How to prepare for an emergency in your workplace

Real Response
Thursday, 21 June, 2018


How to prepare for an emergency in your workplace

Every workplace has its risks, from a bookshop to a building site. While the risk management and hazard identification aspects of our Workplace Health and Safety (WHS) legislation go a long way towards reducing potential accidents, it is inevitable that a percentage will still occur. So once we’ve done everything we can to minimise the risk of accident and injury, how do we best prepare for dealing with those that do occur?

The meaning behind the old Boy Scout motto ‘be prepared’ is that one should always be in a state of readiness to act in an accident or emergency. The Boy Scouts believe the best way to achieve that is by thinking through and practising how to act when an accident or emergency occurs.

Be prepared with active first aid training

The philosophy behind the first aid training courses provided by Real Response is similar to that of the Boy Scout movement. Their courses do not consist of boring classroom-style arrangements with a lot of lecturing and PowerPoint slides as you might expect.

Real First Aid courses feature hands-on activities using actors to role-play real scenarios. You won’t be sitting behind a desk learning the theory of emergency first aid while wondering if you’ll recall those theories if you ever had to put them into practice.
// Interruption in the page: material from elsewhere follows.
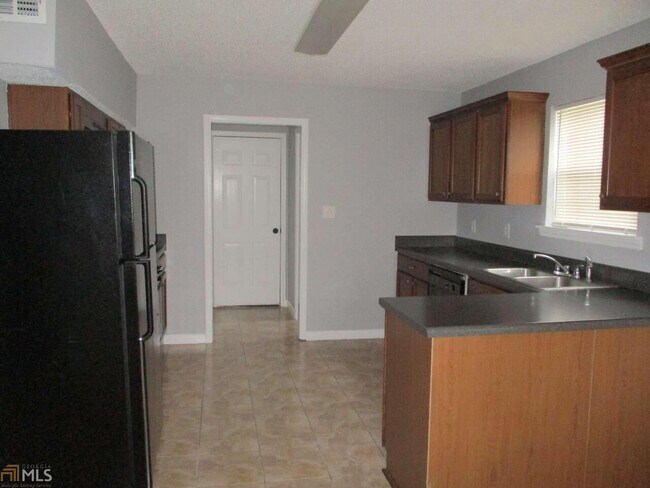 Building Photo - 2255 Ramblewood Cir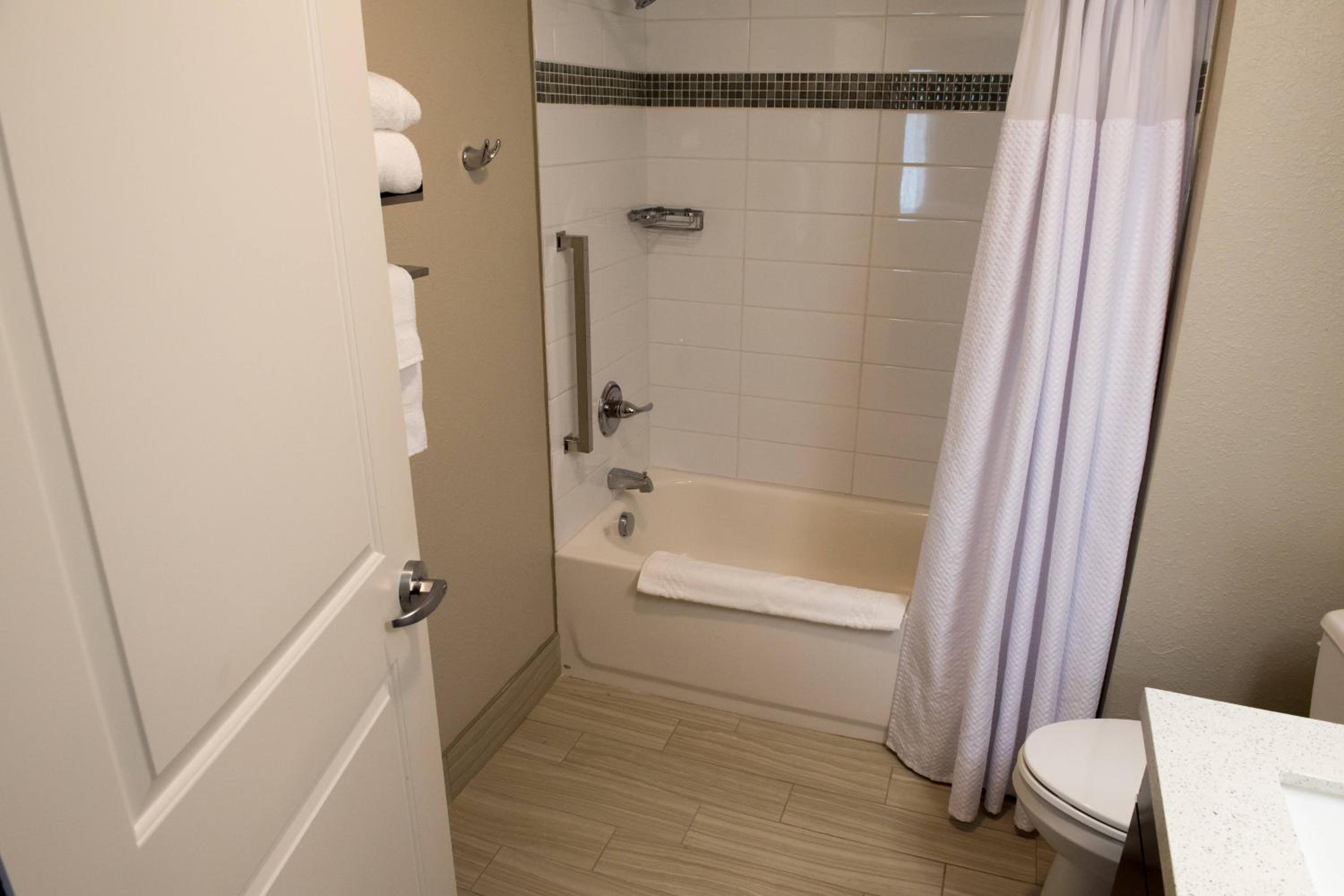 Battle Creek Vacations - TownePlace Suites by Marriott Battle Creek - Property Image 1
You’ll be handling fake blood, dealing with potential scenarios involving real danger, responding to role-played seizures as they occur and making simulated 000 calls.

What are the benefits of active first aid training?

When an accident or emergency occurs, the chemical release in our body dictates a fight or flight response. While it is unlikely our moral conscience would allow us to take flight in a workplace emergency, being unprepared means that we may be more likely to respond in a delayed or unpredictable way. Active training allows us to experience the emotions that may occur in a real scenario, and to put into practice what we are learning so that we are better prepared to act promptly and effectively when a real workplace emergency occurs.

What about the different emergencies that might occur in different workplaces?

It is certainly unlikely that a bookshop staff member could fall from 10-metre scaffolding, while construction workers aren’t likely to have a pile of books fall from a high shelf onto their head, which is why it is important to attend the most appropriate first aid course for your workplace or industry.

Some aspects will be common to any workplace, however. Health issues such as seizures, heart attacks and severe cuts could occur in any workplace while the potential hazards and risks are greater in a workplace such as those in the building industry.

Real Response provide a selection of courses covering different aspects of potential workplace emergencies. Learn how to administer Basic Emergency Life Support at a Level One course, or learn the techniques required to provide Advanced Resuscitation. Obtain your three-year certification at the two-day First Aid Training Course, or get your National Accreditation in providing Advanced First Aid.

All of these courses adopt a hands-on approach to learning, so that you are better equipped to respond in any workplace emergency.